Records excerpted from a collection
____
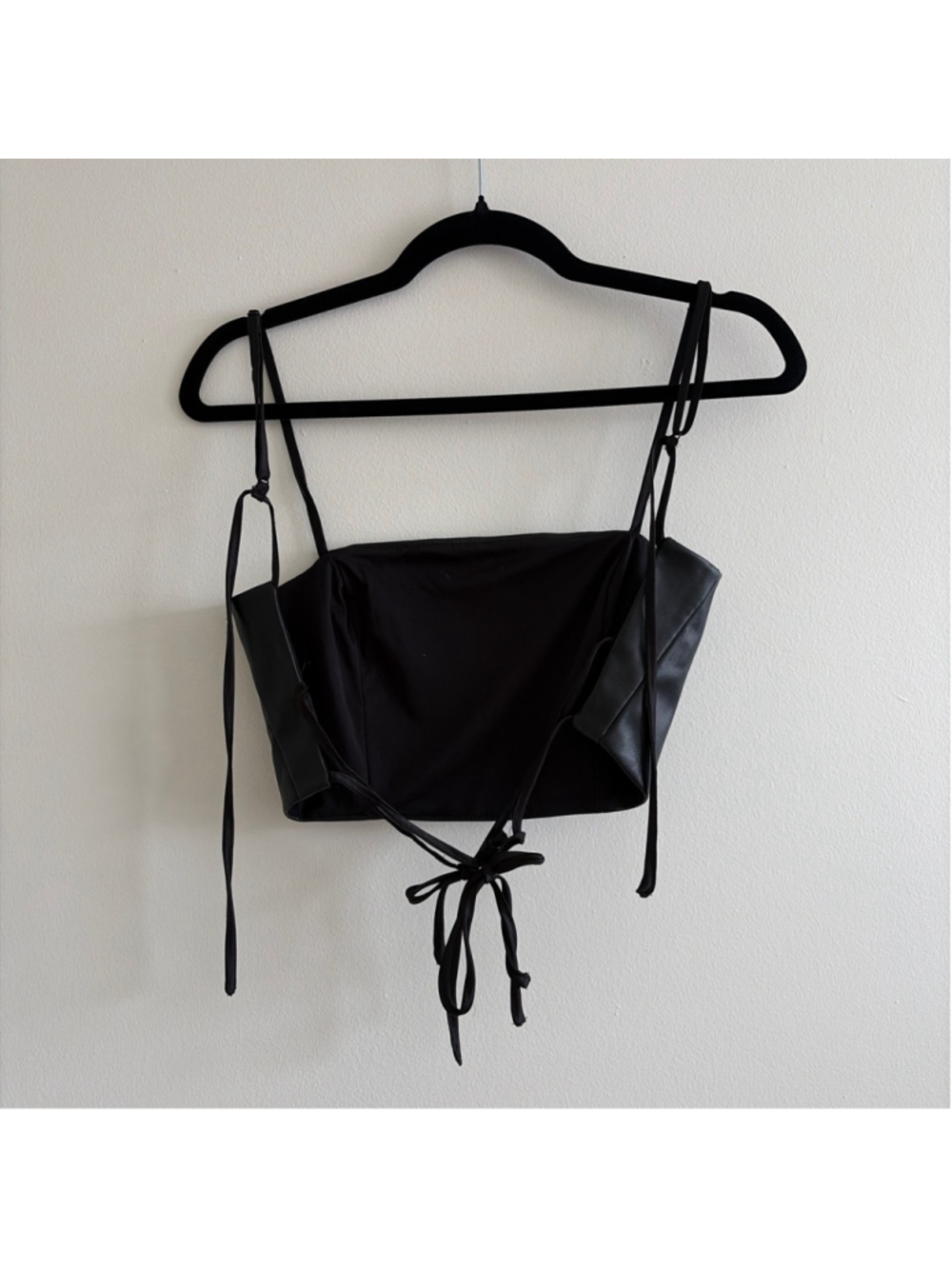 Women's Garage Black Faux Leather Crop Top XS - Picture 2 of 3
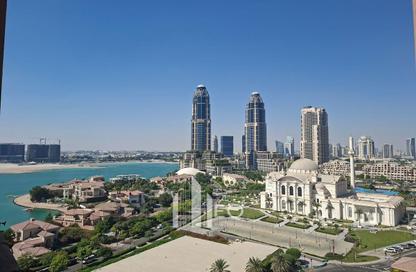 Apartment - 1 Bedroom - 2 Bathrooms for rent in East Porto Drive - Porto Arabia - The Pearl Island - Doha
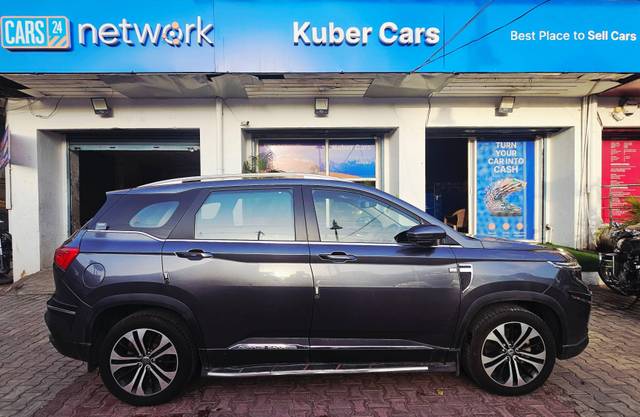https://images10.gaadi.com/usedcar_image/4568345/original/processed_5217280681ef4b2106e02f239ca35d4e.jpg?imwidth=6401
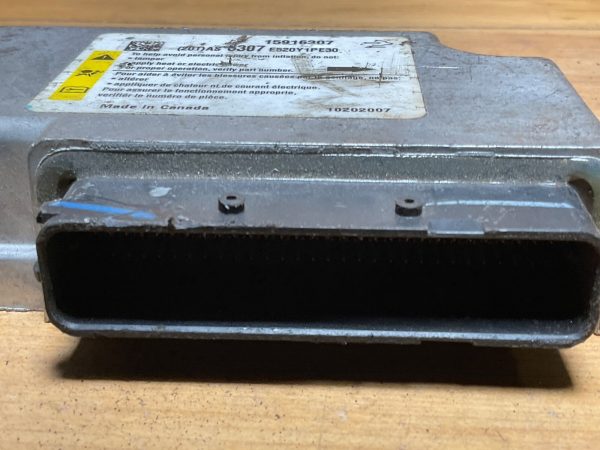 2006-2008 Chevrolet Impala SRS Control Module assembly  15916307 - Image 4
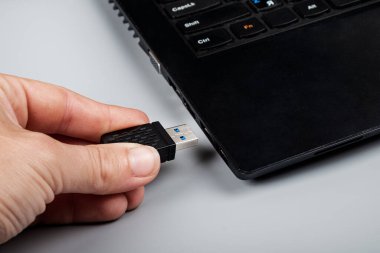insert optional removable router to enhance the signal on a laptop.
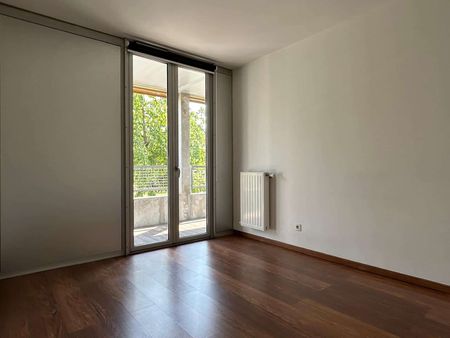 RIVES DE MEURTHE KINEPOLIS BEL F4 DE 86 M2 AVEC LOGGIA DE 7 M2 ET SON EMPLACEMENT DE PARKING EN SOUTERRAIN - Photo 4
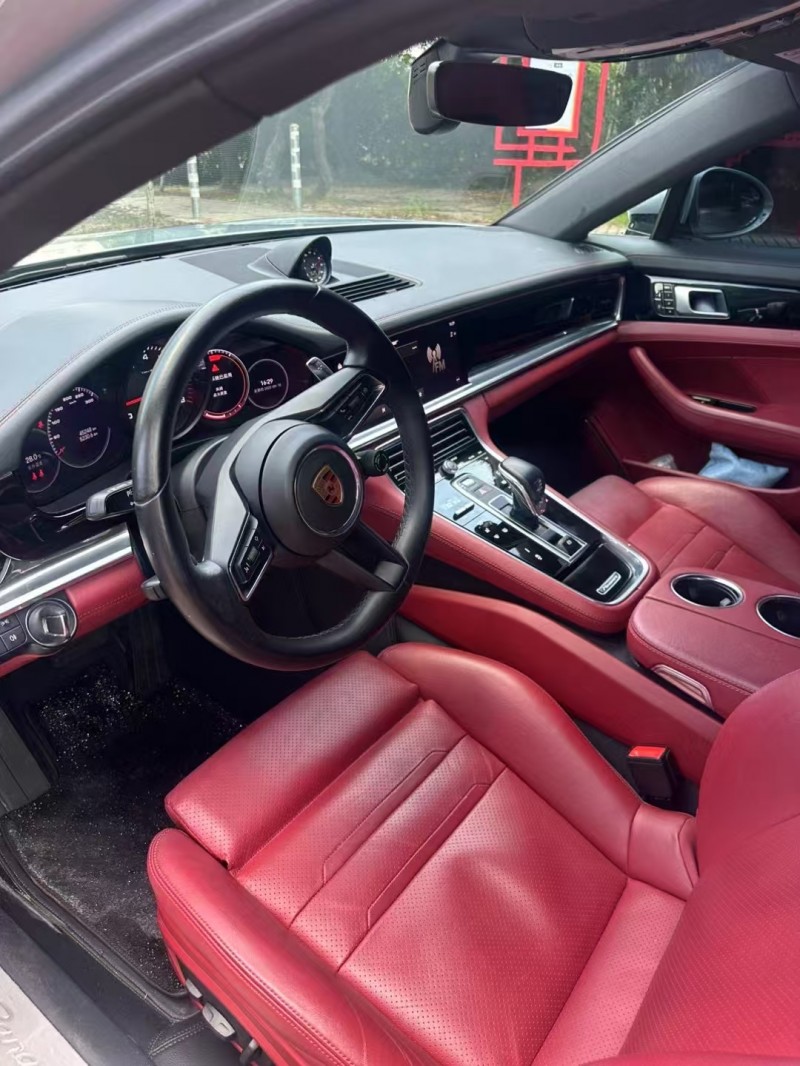 广州23年保时捷帕拉梅拉6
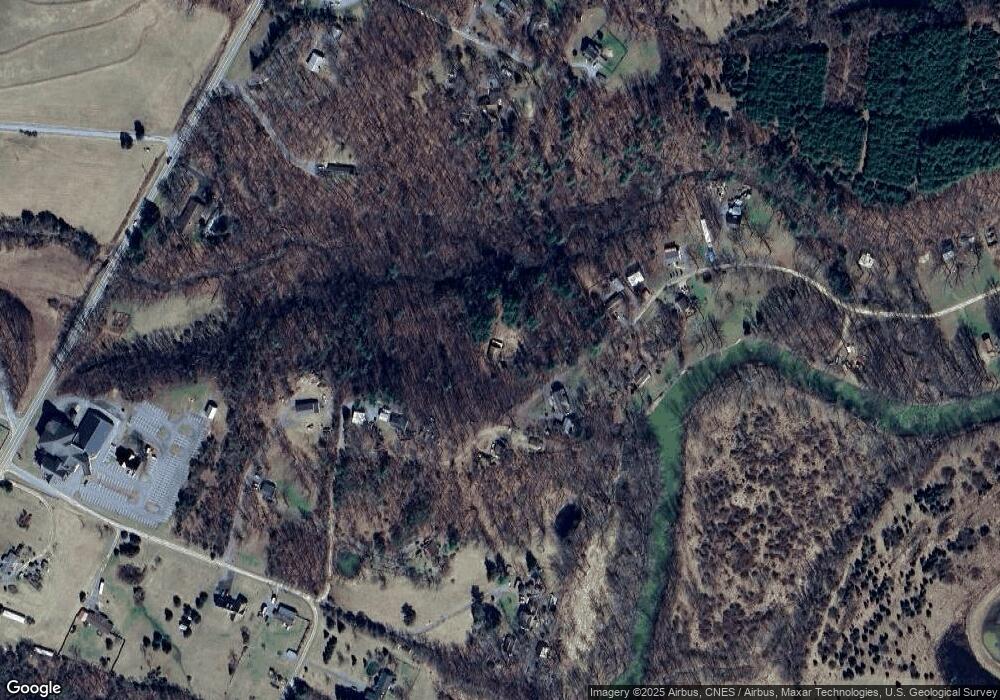 1034 Puffenburger Ln, Hedgesville, WV 25427 - photo 1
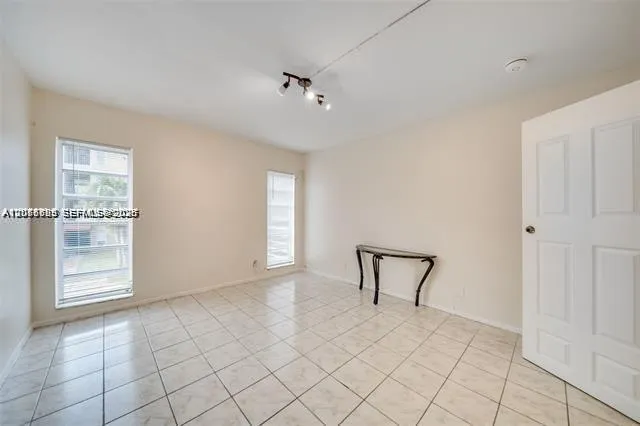 4848 NW 24th Ct #230 Lauderdale Lakes, FL 33313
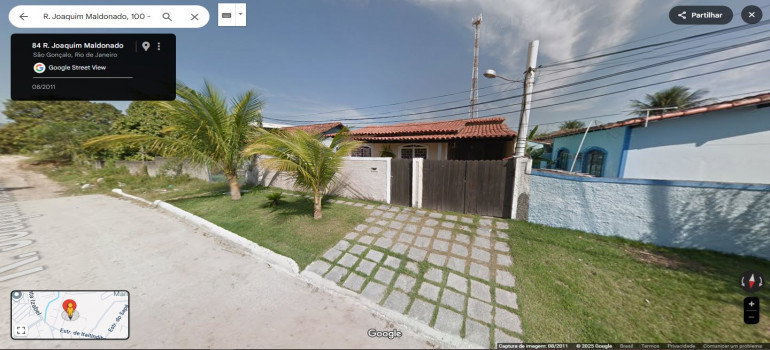 Casa com 3 quartos, piscina e churrasqueira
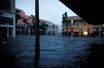Ian a causé des inondations "catastrophiques", d'après le Centre national des ouragans américain, comme ici dans la ville de Fort Myers, dans le sud-ouest de la Floride.
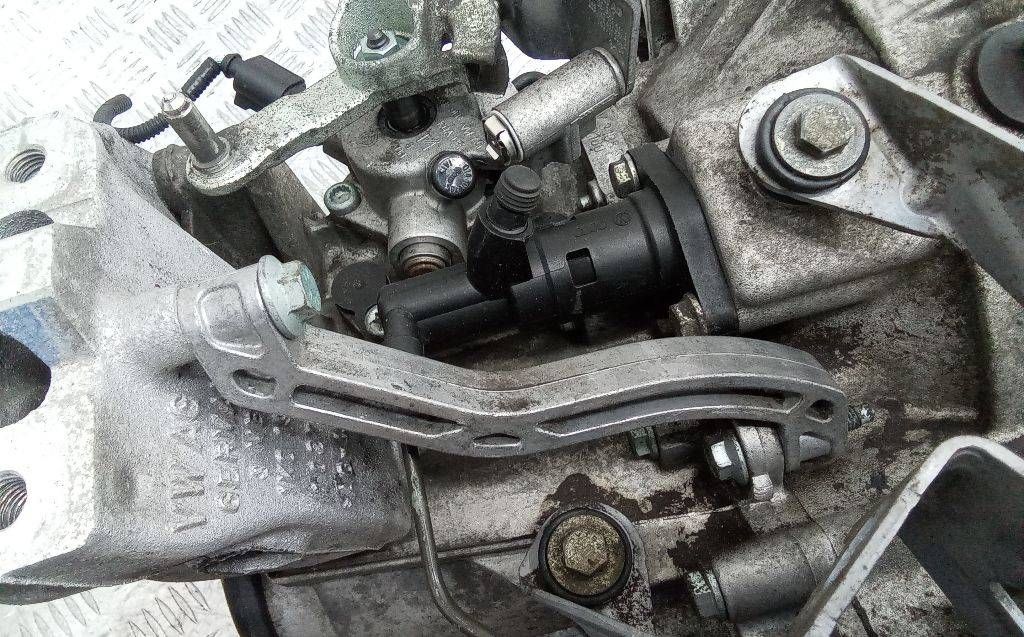 кронштейн КПП SEAT Altea 1 поколение 2007, 1.9 л., дизель, МКПП, 1K0199359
____
Please return, exactly as written, the lines from the first line of the records above through the line containing "Apartment - 1", both included, leaving out any pictures.

▶ RESPONSE FOR THIS EXERCISE:
 Women's Garage Black Faux Leather Crop Top XS - Picture 2 of 3
 Apartment - 1 Bedroom - 2 Bathrooms for rent in East Porto Drive - Porto Arabia - The Pearl Island - Doha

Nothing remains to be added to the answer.